In our agent, each page also used a Webhook as part of its Fulfillment for the following purposes:

  • Tracking conversation progress in our analytics system, which allows us to verify implementation quality and identify any areas for potential improvements

  • Performing complex actions on the prescription, such as verifying the quantity of medication remaining on the prescription and applying the quantity updates

  • Formatting custom response messages to the patient. A prescription that is out of refills may need a different response than one that can’t be updated due to legal regulations. By making those decisions and formatting the message in our own systems, we have better control of the wording and result.

Webhook implementation

Our webhooks are blind to the overall state of the conversation in Dialogflow. They rely only on the value of conversation parameters (or lack thereof) to perform any required actions, format messages, or trigger failure cases. These parameters are a mix of values extracted by OpenAI and from the patient’s messages.

At Alto, we use Ruby on Rails for the majority of our server-side code. While Google provides a convenient Ruby Gem for interacting with Dialogflow’s APIs, Dialogflow deeply nests parameters in the body of the webhook request. To make the request body more suitable to Rails controller actions, we overrode the standard behavior for an ActionController’s parameter handling:

      sig { override.returns(ActionController::Parameters) }
      def params
        parameters = super
        session_info = JSON.parse(request.body.read)['sessionInfo']
        request_params = session_info['parameters'] || {}
        parameters.merge!(request_params)
        parameters
      end

Because our webhooks rely on SessionInfo parameters alone, our controller actions can safely ignore the rest of the webhook request. With this override applied to a base controller for all webhooks, webhook implementers are free to use params as they normally would, without having to worry about the specifics of the request structure.

Additionally, we define and enforce a standard response structure using our existing API tooling and Sorbet. Before messaging a patient, we transform this response structure into the required WebhookResponse format, which eliminates the need to worry about Dialogflow’s specifics.

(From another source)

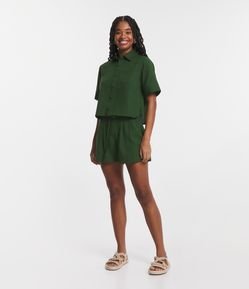 Short Curto em Linho com Cordinha para Amarração Frontal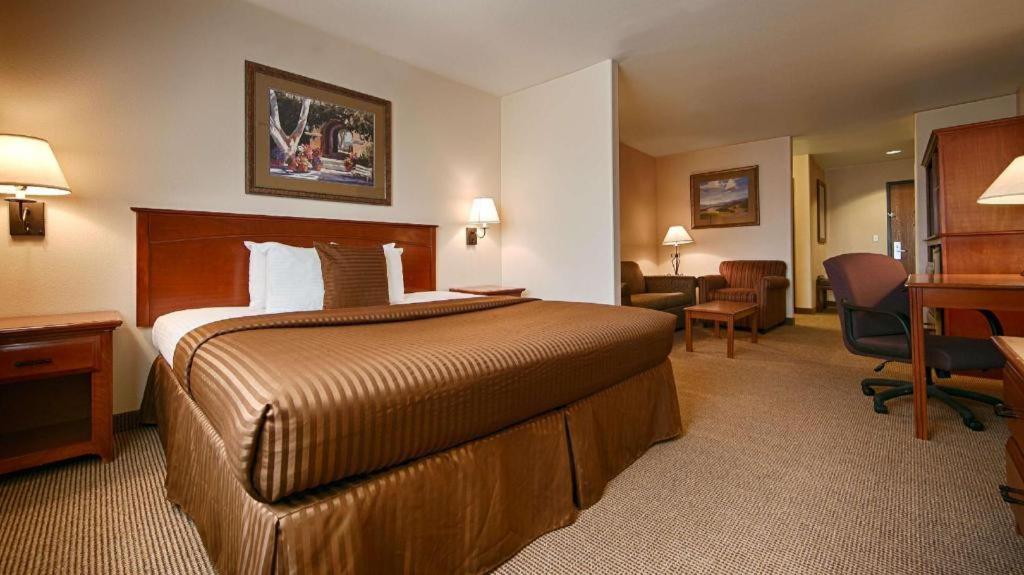 Best Western Territorial Inn And Suites Bloomfield Εξωτερικό φωτογραφία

Controlling the conversation

There are two common limitations of chatbots in the wild:

  1. They ask for information that has already been provided

  2. They don’t understand what was just said to them

These issues are understably confusing or frustrating for users. In a situation as critical as medication delivery, we can’t afford to take these risks. To reduce the potential for misunderstanding, we constrain the responses offered to a patient whenever possible. For example, if a webhook has determined that we need to ask a yes or no question in order to proceed, it can declare the possible responses as part of the payload in its WebhookResponse

{
  "fulfillmentResponse": {
    "messages": [{"text":  {"text": ["Do you like ice cream?"]}}],
  },
  "payload":  {
    "suggestions":  [
      {
        "message": "Yes",
      },
      {
        "message": "No",
      }
    ]
  }
}

When we eventually receive the final result that should be sent to the patient in a DetectIntentResponse, we can look at the webhook payloads within the QueryResult structure and extract any values. If there are suggestions, the UI will restrict the user to buttons for sending them, instead of allowing a free response. The above example is trivial, but for complex cases like identifying a specific prescription among several with overlapping values, constraining the response set ensures that the patient response is something Dialogflow can properly handle.

Looking ahead

The first iteration of our chatbot has already helped patients achieve their desired results in under a minute, without any manual intervention. Previously, completing a patient’s quantity change request could take up to 45 minutes, often with multiple messages sent back and forth. While not every patient message can or should be automated by a chatbot, we are continuing to expand functionality for those that can. This allows our care team to spend more time on complex cases while offering many patients near-instantaneous help.